Principal Component Analysis (PCA)

What is PCA?

PCA (Principle Component Analysis), is a process of transforming quantitative, uncorrelated, features into orthogonal principle components. This technique is often used for dimensionality reduction. By transforming variables into principle components, the maximum amount of data variance can be retained while reducing the number of features in the data. The process beings with the standardization of data – every feature’s mean becomes 0 and variance becomes 1 – this standardization ensures that no single feature impacts the principal component (PC) more forcefully. The covariance matrix is then examined to determine feature relationships. Next, the eigenvalues and eigenvectors are calculated to identify the PCs that capture the most variance from the original features. Upon examination of the eigenvalues, the top PCs are selected to reduce the data to the required dimensions. Finally, the original dataset will be projected onto the newfound lower-dimensionality space. Through this process, data scientists are able to reduce the complexity of data while maximizing information retention.

Link to Data

Snipit of Data to Apply PCA to

Snipit after Standardization

My PCA Data

Below PCA will be applied to quantitative features from the ultra-running dataset. The label (which is removed for PCA) is finishing hours. The remaining data is 6 dimensional (see screenshot to the right). This transformation will be very helpful going forward as perfroming further analysis on data with reduced dimensionalty will hopefully improve performance and interpretability

Graphical Representation of data projected in 2 dimensions

PCA with 2 Components

To the left is the graphical representation of the data set transformed into two principal components. The visualization is color coded to represent the values of the previously removed label. It is clear that the PCs have retained valuable information as the labeled values appear to be clustered with like values.

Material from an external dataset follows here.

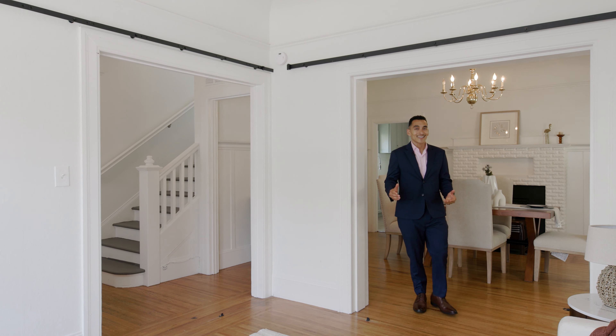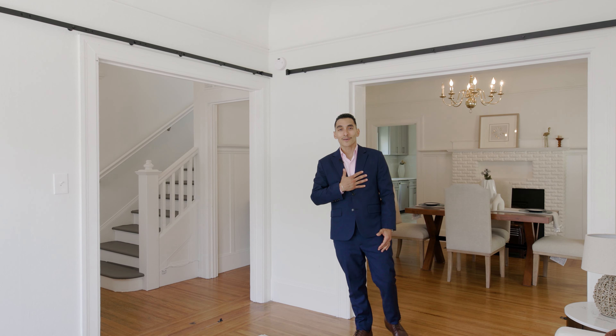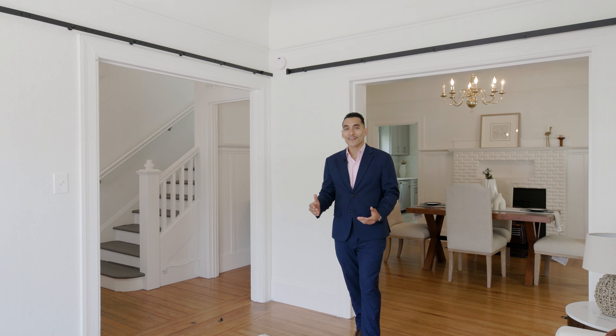Welcome to 119 7th Street in Oakland, California. I'm Nestor Icaza, real estate broker in the San Francisco Bay Area, and this is my brand new listing. Let's go ahead and take a look.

As clear from the below produced code output, the newly transformed two-dimensional data captures approximately 54% of the total variation existing within the data set. The first PC captures 32.7% and the second 21.6%. These two PCs are the most important as they capture the most variance from the data, each successive PC will capture less and less variance.

Link to Code

PCA with 3 Components

To the right is the graphical representation of the data set transformed into three principal components. The visualization is color coded to represent the values of the previously removed label.

As clear from the below produced code output, the newly transformed three-dimensional data captures approximately 74% of the total variation existing within the data set. The first PC captures 32.7%, the second 21.6%, and the third 17%. Similarly to as mentioned with 2 PCs, the visualized 3 PCs are the three most valuable PCs, maximizing the variance explained by 3 features.

Link to Code

Graphical Representation of data projected in 3 dimensions

In Order to retain 95% of variability we require ~5 PCs

5 PCs account for over 94% of the total variance exhibited in the data. 6 components will obviously cover 100% of the variation given that the data being used is 6 dimensions. Therefore in order to capture ~95% of the variability the dimensionality of the data is only reduced by 1.

When moving forward with further analysis it will be very useful use transformed data with 2 or 3 principal components. This transformation retains much of the data’s relevant information and variance while greatly reducing data dimensionality and complexity enabling improved future analysis of the ultra-running race results.